Phishing vs Spear Phishing: What you need to know

Phishing attacks are often the first wave of attack that leads to destructive data breaches. While email filters can halt large-scale phishing emails, a seemingly personalised email from a recognised sender could slip right through those filters. For this reason, phishing and spear-phishing are effective forms of attack.

Criminals use phishing attacks to collect sensitive data or system access, which is the starting point for their planned attack. What comes next is usually a targeted ransomware attack that encrypts vital business data against your will.

Businesses must educate their staff up to the CEO level on the most common phishing and spear-phishing attacks that are likely to hit their inboxes.

What Is Phishing?

Phishing is a scam in which cybercriminals send fake messages via email or text message that appears to be from a legitimate source—these messages direct recipients to a fake website designed to capture personal information. Alternately, the message may contain a malicious attachment that infects user devices with malware.

A phishing attack aims to extract sensitive information from its victims, such as financial information, login credentials, personal details, or other sensitive business data. A phishing attack may also release ransomware malware on the user’s device, which then spreads, causing untold damage to the device and network.

Most phishing attacks include links to counterfeit domains that look like actual websites, though with small changes that escape the eye. These links are often embedded in a message with other legitimate links, making them even harder to spot. These and other techniques help them escape detection from the human eye as well as email security filters. 
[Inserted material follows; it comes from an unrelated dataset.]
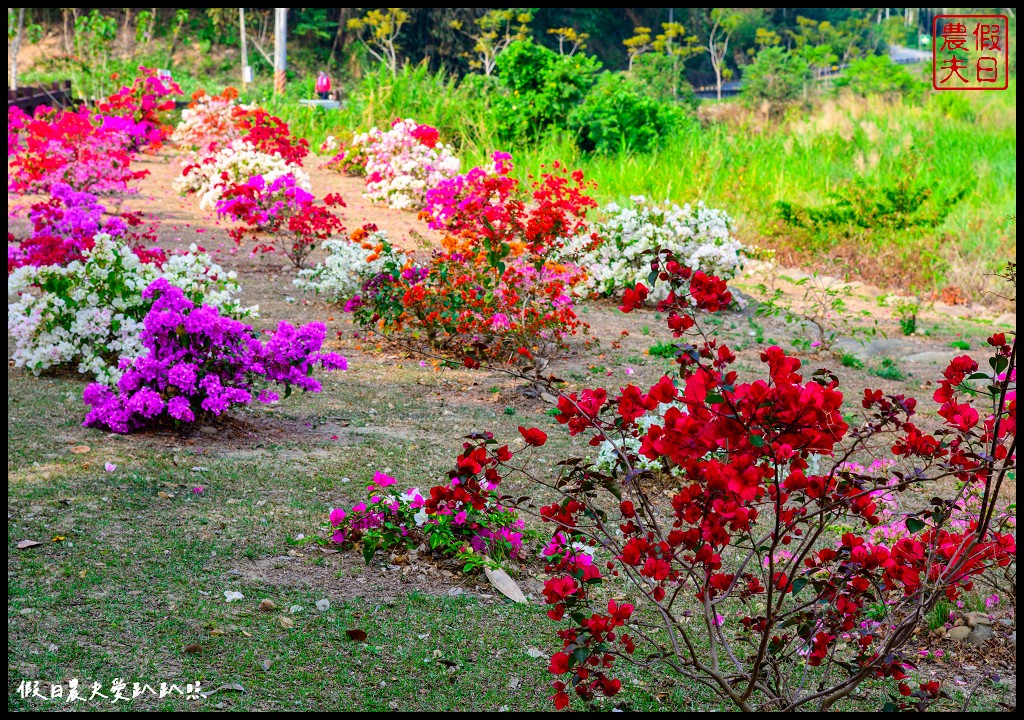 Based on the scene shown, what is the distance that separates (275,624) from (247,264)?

Phishing attacks target millions of individuals and organisations each day. While there are several types of phishing attacks, most have a broad target audience and are deployed to hundreds if not thousands of email addresses at a time. Spear phishing, however, is a form of phishing that narrows to a smaller, more focused target audience.

What is Spear Phishing?

Spear phishing is more intricate than general email phishing because it involves sending a more targeted, well-crafted malicious email or text message to a specific person rather than to groups of people. Cybercriminals use social engineering tactics to tailor personalised emails to the intended recipients. 
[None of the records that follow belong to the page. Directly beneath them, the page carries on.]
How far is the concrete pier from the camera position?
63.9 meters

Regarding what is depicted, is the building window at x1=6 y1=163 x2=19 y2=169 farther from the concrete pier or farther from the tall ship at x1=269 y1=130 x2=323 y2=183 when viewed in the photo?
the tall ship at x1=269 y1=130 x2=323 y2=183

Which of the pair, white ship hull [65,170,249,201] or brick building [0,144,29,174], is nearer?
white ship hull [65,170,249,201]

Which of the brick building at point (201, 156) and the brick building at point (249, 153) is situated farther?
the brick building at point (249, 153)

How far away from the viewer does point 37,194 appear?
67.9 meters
The email’s subject lines are topics of interest to the targets, which tricks them into reading the message and then clicking on included links or attached files. Or, the attacker disguises themselves as a trustworthy friend or professional entity to acquire sensitive information.

Because of all the time and detail put into a spear-phishing message, it is the most successful form of phishing, accounting for 91% of successful attacks. Because spear phishing messages are so precisely tailored, even email security application filters can miss them. The message appears legitimate and non-threatening, so the recipient unsuspectingly opens it. 

The creator of the spear-phishing email gathers some or all of the following details about the victim. All this information is easy to collect from business directory websites like LinkedIn. Another quick search through social media can yield additional personal information that the criminal uses to tweak the spear-phishing email further.

These personal details include the following:

  • First and last name
  • Job title and job description
  • Place of employment
  • Email address
  • Hobbies & interests

All it takes is for one intended recipient to access a malicious link, and the damage is done. Even the savviest of executives can be tricked when the message contains enough valid information.

Spear Phishing vs Phishing: Main differences

As stated, spear phishing is a type of email phishing, though there are some distinct differences. Phishing requiring less effort because the criminal agent sends a single email to a group of people. Because of the broad audience, the email content is generic and will not likely be enough to dupe many recipients. Standard phishing prevention practices offer adequate system protection.

On the contrary, spear phishing is a customised attack, and the content is focused on the victims. So, the criminal must perform extensive research on the targets to be convincing. For instance, if the target frequents a golf course, the malicious email may contain an offer for a free round of golf with a confirmation link. The victim is motivated by the free offer and clicks the link, downloading malware onto their computer.

Here are some additional variations between general email phishing and spear phishing.

Personalisation

While phishing has a broad audience, spear phishing targets specific people or small teams within an organisation.

Convincing messages

Phishing messages are general and often imitate a bank or a password reset request. With spear phishing, the message is customised to the targets so that it looks convincing.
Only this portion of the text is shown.